People who intentionally make false complaints or allegations against police officers violate Chapter 37 of the Texas Penal Code. Texas law provides punishment for an individual adjudged guilty of committing an offense if, with intent to deceive and with knowledge of the statements meaning, he / she makes a false statement under oath or swears to the truth of a false statement previously made; and the statement is required or authorized by law to be made under oath.
A person who commits an offense under this section can be charged with offenses ranging from a Class B Misdemeanor to a Felony of the Third Degree. Punishments can range from confinement of 180 days in jail to 10 years imprisonment and a fine not to exceed $10,000. This information is not intended to intimidate the complainant or any witness, but is provided to avoid retaliation against police officers or departmental staff.
Complaints can be reported 24-hours a day to any department supervisor or from 8:00 a.m. to 5:00 p.m. weekdays to a member of the Professional Standards Unit.
What Happens To My Complaint After It Is Received?

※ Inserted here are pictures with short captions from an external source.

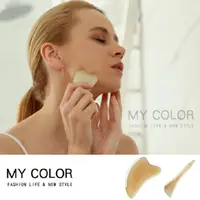 在飛比找PChome24h購物優惠-MY COLOR【牛角刮痧板+撥筋棒】臉部按摩器 刮痧棒 仿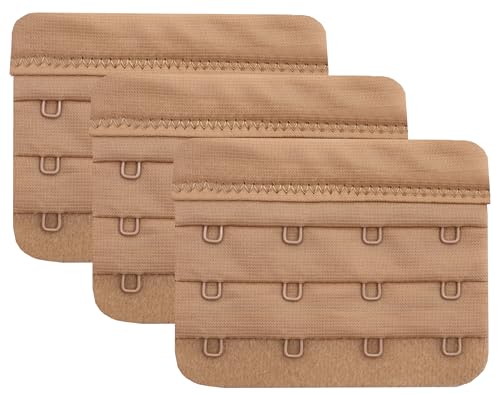 Women Bra Extenders 2 Hook/3 Hook/4 Hook Soft Bra Strap Extension - color: Bra Extender 4 Hook Beige 3pcs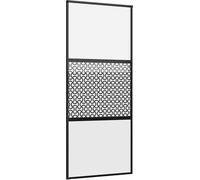 vidaXL Porte en verre noire 90 x 2 x 205 cm aluminium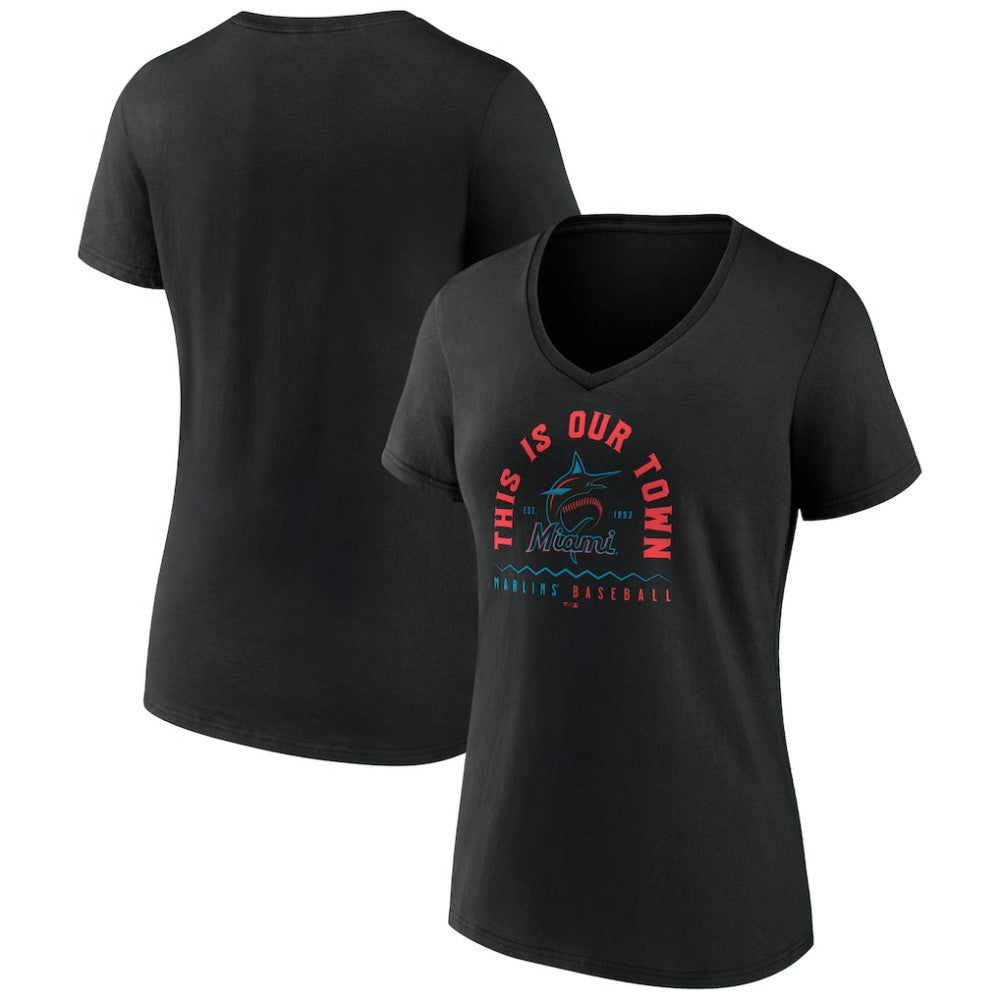 Miami Marlins Women's Our Town V-Neck T-Shirt Black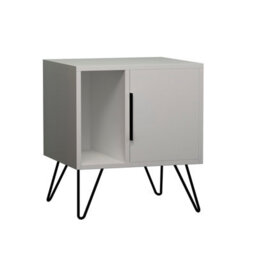 Decortie Glynn Modern Bedside Table Nightstand Metal Hairpin Legs 50Cm Storage White Bedroom - thumbnail 2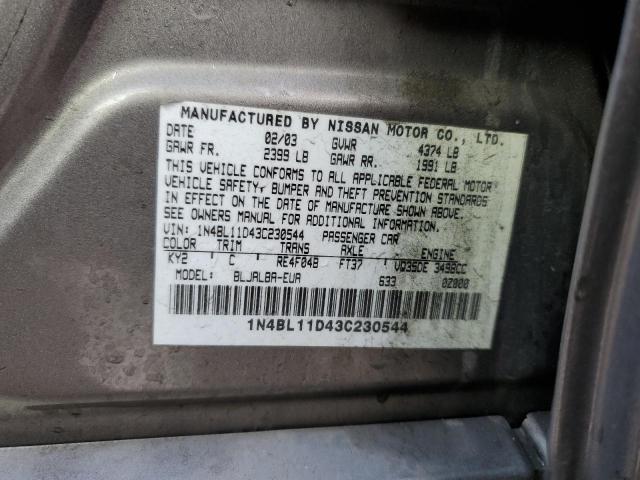 1N4BL11D43C230544 - 2003 NISSAN ALTIMA SE TAN photo 10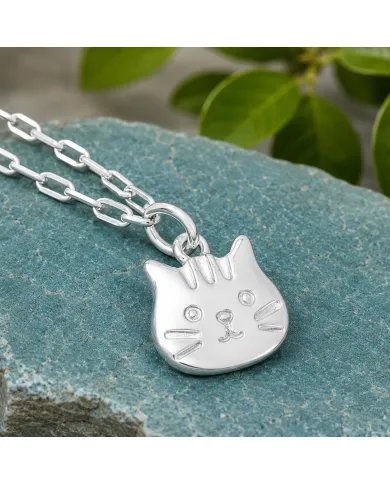 925 Sterling Silver Tabby Cat Pendant Necklace - Gift for Cat Lovers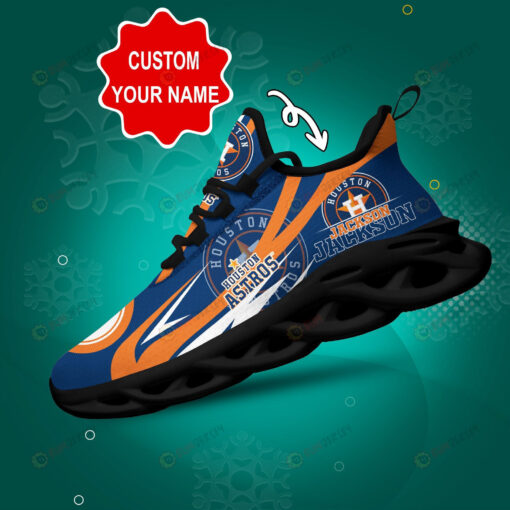 Houston Astros Logo Line Pattern Custom Name 3D Max Soul Sneaker Shoes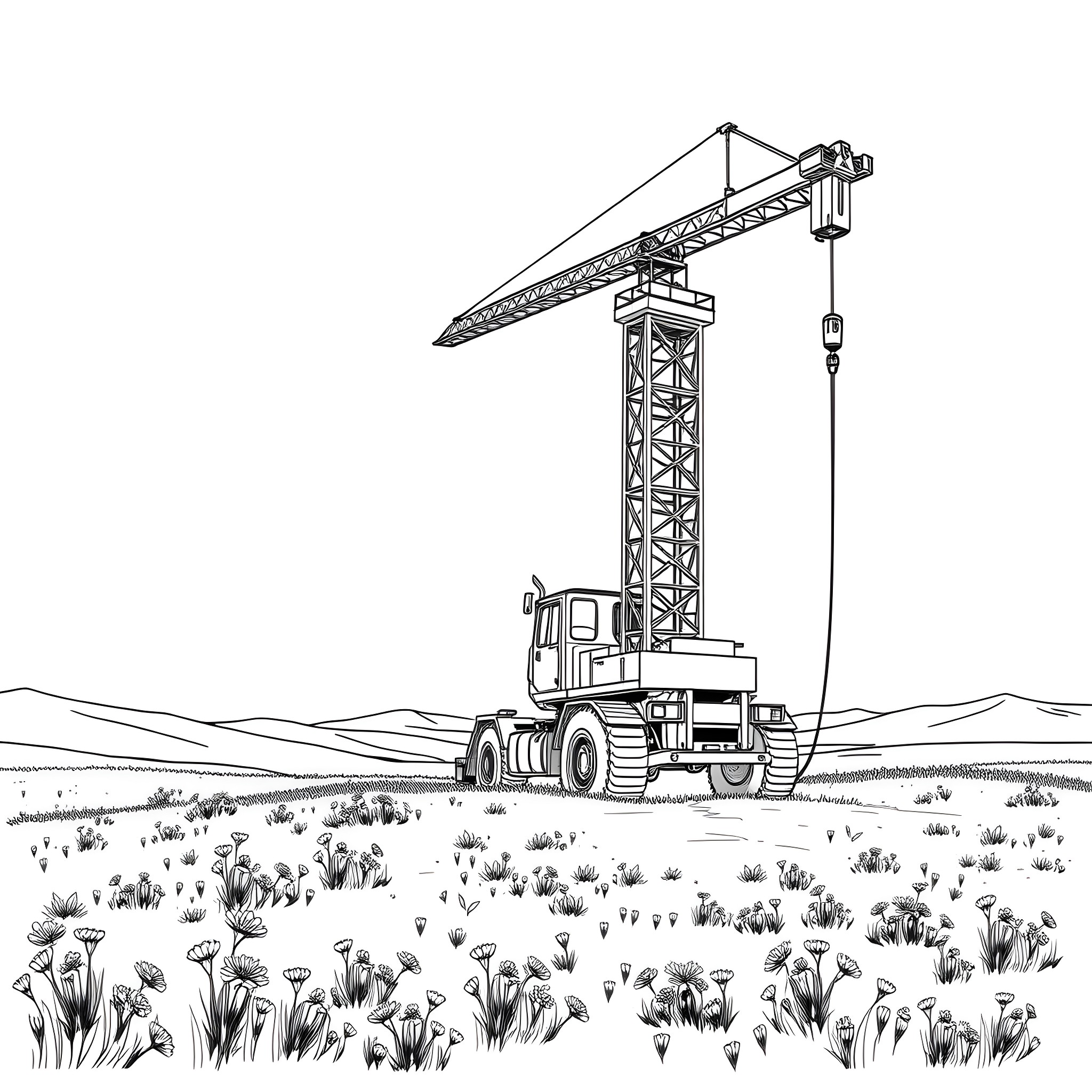 Crane Truck Lifting Heavy Equipment in Field Coloring Page (free black-and-white line drawing printable PDF for all, from beginners to advanced learners, including children, teens, adults, and seniors)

All complaints received by the Police Department Office are routed by the severity of the complaint. The most serious types of complaints investigated by the Internal Affairs Section involve allegations such as excessive force, any discharge of firearms or serious rules violations. Complaints comparatively less serious in nature, such as rude behavior or improper procedure, are forwarded to the individual officer's division for investigation. In every case, the person making the complaint will be notified of the final disposition either by telephone or U.S. Mail.